Leigh Whannell proves to be the big star as writer/director of the hugely ambitious and hugely entertaining Upgrade. Proof that you don’t need a mega budget to dazzle and engross, Upgrade leaps off the screen with its glorious retro action kitsch, a committed turn from Logan Marshall-Green, and a script full of big ideas. Oh… and Melbourne looks fabulous on screen! Go, Aussie, Go!

Writer/Director Whannell (Saw, Insidious, Cooties) bylines his twitter account with but two words: Film. Lover. And he sure. He always has been and his total action sci-fi fanboy is given great service with Upgrade.
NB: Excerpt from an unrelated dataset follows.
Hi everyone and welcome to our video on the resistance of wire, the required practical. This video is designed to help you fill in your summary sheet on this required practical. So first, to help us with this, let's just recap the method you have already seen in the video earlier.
Harking back to the days of Runaway, Hardware, RoboCop, Universal Soldier, Ghost in the Machine, and dashes of Blade Runner and knowing nods to the early works of David Cronenberg, Whannell furiously builds a not-too-distant future that’s full of homages and has its own sense of style and purpose.

Antique muscle car restorer Grey (Marsall-Green) is all but complete on his work delivering a souped up Pontiac Firebird for reclusive Tech Empire Wunderkind Eron (Harrison Gilbertson). So happy is he, Grey drags along his reluctant girlfriend Asha (Melanie Vellajo) to show off the buyers new pad. When Eron reveals his latest invention STEM, a microchip that can learn, solve and enhance everything its attached to, Grey reveals himself as a technophobe.
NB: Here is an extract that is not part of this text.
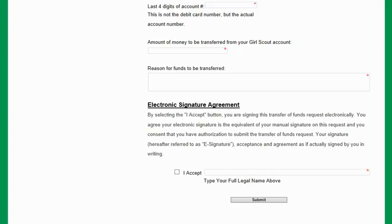You will also enter this transaction into SNAP after you receive the confirmation email, along with your other product sales account deposits.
When an unrelated vicious attack on Grey and his wife leaves him a quadraplegic hell bent on revenge, he becomes the first guinea pig to have STEM inserted into his body. Not only can he walk again, he can do much, much more…
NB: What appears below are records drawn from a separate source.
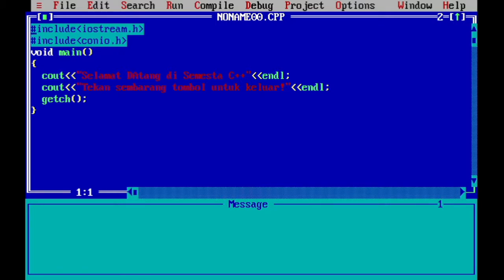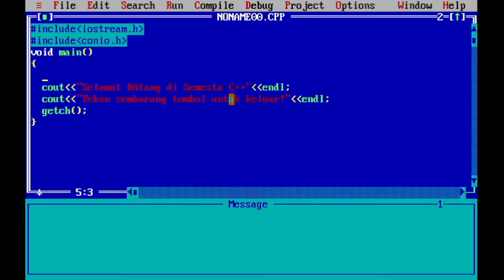Hari ini kita akan mengembangkannya dengan mendeklarasikan variabel, kemudian memberikan nilai kepada variabel. Di sini saya akan deklarasi tiga buah variabel, masing-masing dengan tipe integer. Jadi, saya tulis 'int' spasi, misalnya X, Y, Z. Ada tiga buah variabel yang saya deklarasikan, yang berarti bahwa saya memerintahkan kepada microprocessor untuk mengalokasikan tempat di dalam memori. Tempat itu ada tiga, yang pertama diberi label X, label Y, dan label Z.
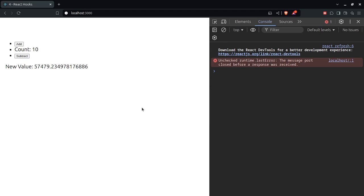That is the useMemo hook in action. Next, we're going to talk about the useCallback hook. The difference between useCallback and useMemo is that useMemo returns a memoized value, while useCallback returns a memoized function.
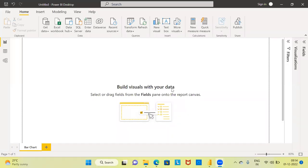Namaste and a very good morning to all of you. I welcome you to my channel, The Outlier. My name is Mitun. In today's video, I'll be talking about how to create a bar chart using Power BI. Before I proceed to demonstrate, may I request you to subscribe to my channel, and also like and share my videos.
What’s most impressive about Upgrade, apart from just how much fun (gory at times) it is, is the script is full of ambition. Ideas bounce around inside the framework of this sci-fi actioner that hint at the implications of technology and what means for the world. Don’t get me wrong, Upgrade it out to have a demented good time and makes full use of its humble means to deliver an explosive and rip roaring yarn. Like all good B movies of the day, and the films that Upgrade nods to, there’s an undercurrent here that keeps this from being just another body count movie.

Alongside that, that this crew managed to deliver the film on a budget that is rumoured between $3-$5m is astounding. Shot in Melbourne (which looks glorious at night on the big screen), cinematographer Stefan Duscio (Jungle, The Mule) captures the grittiness and decay of this world with aplomb. Add to that, the choreography of the fight scenes which are imaginatively shot further enhance the experience. From following the characters movements, to erratic and choppy frames accentuating his disability, it’s adventurously shot which adds nothing but charm to the overall film.

Never fear, though, Whannell services his fans with bloody carnage for all, serving up a smorgasbord of kills to keep you happy. Add to that one helluva committed central turn from easy-on-the-eye Logan Marshall-Green and the result is one of the most surprising and flat out entertaining releases of the year.

Upgrade signals many things. It’s Leigh Whannell’s most lucid, assured, ambitious and entertaining work hands down. It’s proof that you don’t need a mega-budget to make a rampage of a movie. It’s a signal that the adventurous spirit of the Australian Film Industry is alive and well. And, moreso, it’s one helluva rip roaring time in a cinema! Don’t Miss It!